Publisher offers $40 for used essays

Want to make an easy $40?

Students throughout the Ivy League and at top schools around the nation are cashing in on work they completed years ago, selling their admissions essays to a publisher.

The Internet publisher IvyEssays buys essays from successful admissions candidates to 34 universities -- including Dartmouth -- to resell to high school students.
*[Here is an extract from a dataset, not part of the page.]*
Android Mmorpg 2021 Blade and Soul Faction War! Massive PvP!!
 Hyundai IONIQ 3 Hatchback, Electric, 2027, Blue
Students need only submit an essay along with proof of acceptance or enrollment at their school.

Students at 20 business schools, and 17 law schools also can sell their essays to IvyEssays.

The company is run by three young graduates of elite colleges who want to "level the playing field" of college and graduate school admissions, IvyEssay's president Daniel Kaufman said.

Prospective college students can visit IvyEssays' Internet site and order packages of 10 to 12 undergraduate essays with a certain theme or topic essays for $10. Law school and business schools essays cost $50 or $60 for a package of about 70 essays.

The purpose is to inspire students who are not confident they know what admissions committees expect in an application essay, according to Helen Lee, the company's managing editor.

"I really, truly believe there is need for this service," said Kaufman, who graduated from Williams College in 1991.

Kaufman said college applicants have "widely differing levels of support" -- since many private secondary schools employ counselors specifically to assist with college applications, while some public schools, like the rural Vermont school Kaufman himself attended, offer much less assistance.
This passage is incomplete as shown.